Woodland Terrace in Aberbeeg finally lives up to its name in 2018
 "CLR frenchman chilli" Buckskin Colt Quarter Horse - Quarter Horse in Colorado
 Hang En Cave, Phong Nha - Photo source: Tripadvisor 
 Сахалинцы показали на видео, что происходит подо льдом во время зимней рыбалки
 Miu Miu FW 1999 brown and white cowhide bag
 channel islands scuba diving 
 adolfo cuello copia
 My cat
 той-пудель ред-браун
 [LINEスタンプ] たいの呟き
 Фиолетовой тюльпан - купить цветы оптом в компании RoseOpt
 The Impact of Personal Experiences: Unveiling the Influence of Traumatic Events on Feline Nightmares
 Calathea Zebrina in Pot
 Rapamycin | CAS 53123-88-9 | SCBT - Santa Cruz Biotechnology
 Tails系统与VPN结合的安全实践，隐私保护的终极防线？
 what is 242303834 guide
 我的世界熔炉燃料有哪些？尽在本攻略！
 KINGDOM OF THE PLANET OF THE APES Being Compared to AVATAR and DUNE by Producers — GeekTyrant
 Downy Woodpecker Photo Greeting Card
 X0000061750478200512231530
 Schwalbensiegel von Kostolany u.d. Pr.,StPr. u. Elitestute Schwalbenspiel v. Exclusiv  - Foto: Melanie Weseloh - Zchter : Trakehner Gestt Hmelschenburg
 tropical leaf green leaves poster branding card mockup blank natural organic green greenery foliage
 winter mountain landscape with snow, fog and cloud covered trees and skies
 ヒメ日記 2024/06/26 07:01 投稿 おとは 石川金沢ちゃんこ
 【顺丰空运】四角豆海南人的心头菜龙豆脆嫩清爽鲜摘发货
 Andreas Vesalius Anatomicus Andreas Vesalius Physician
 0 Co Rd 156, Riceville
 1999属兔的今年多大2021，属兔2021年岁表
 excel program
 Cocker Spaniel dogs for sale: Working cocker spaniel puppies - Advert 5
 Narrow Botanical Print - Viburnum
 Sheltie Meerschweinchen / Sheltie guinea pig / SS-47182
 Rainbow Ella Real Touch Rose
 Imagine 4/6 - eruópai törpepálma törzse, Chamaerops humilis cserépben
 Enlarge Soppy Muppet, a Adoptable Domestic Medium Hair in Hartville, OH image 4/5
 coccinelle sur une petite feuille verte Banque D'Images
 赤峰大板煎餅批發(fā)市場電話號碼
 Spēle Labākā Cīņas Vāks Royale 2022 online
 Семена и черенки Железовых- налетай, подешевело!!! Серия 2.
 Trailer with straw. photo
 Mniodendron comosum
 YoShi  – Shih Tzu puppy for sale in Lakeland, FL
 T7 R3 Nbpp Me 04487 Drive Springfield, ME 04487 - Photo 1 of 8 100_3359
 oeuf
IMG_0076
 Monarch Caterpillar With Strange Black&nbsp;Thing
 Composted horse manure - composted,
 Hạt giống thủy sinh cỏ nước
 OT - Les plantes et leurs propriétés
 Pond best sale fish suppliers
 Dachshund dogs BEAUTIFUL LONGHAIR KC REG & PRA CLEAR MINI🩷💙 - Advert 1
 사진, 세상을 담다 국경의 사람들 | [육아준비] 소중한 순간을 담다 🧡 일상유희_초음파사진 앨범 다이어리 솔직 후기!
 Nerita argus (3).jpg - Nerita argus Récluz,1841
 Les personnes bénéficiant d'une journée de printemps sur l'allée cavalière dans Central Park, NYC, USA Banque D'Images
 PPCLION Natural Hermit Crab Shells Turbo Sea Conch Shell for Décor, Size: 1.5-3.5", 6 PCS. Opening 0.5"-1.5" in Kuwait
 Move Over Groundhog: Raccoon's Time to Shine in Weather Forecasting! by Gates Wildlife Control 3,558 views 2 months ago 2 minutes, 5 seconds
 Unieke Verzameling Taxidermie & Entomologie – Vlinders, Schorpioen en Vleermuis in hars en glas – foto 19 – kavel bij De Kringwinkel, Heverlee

Exercise goal> Nothing but the lines from the one containing "OT - Les plantes et leurs propriétés" through the last line of the data above should be given again, each exactly as it stands.

Response>
 OT - Les plantes et leurs propriétés
 Pond best sale fish suppliers
 Dachshund dogs BEAUTIFUL LONGHAIR KC REG & PRA CLEAR MINI🩷💙 - Advert 1
 사진, 세상을 담다 국경의 사람들 | [육아준비] 소중한 순간을 담다 🧡 일상유희_초음파사진 앨범 다이어리 솔직 후기!
 Nerita argus (3).jpg - Nerita argus Récluz,1841
 Les personnes bénéficiant d'une journée de printemps sur l'allée cavalière dans Central Park, NYC, USA Banque D'Images
 PPCLION Natural Hermit Crab Shells Turbo Sea Conch Shell for Décor, Size: 1.5-3.5", 6 PCS. Opening 0.5"-1.5" in Kuwait
 Move Over Groundhog: Raccoon's Time to Shine in Weather Forecasting! by Gates Wildlife Control 3,558 views 2 months ago 2 minutes, 5 seconds
 Unieke Verzameling Taxidermie & Entomologie – Vlinders, Schorpioen en Vleermuis in hars en glas – foto 19 – kavel bij De Kringwinkel, Heverlee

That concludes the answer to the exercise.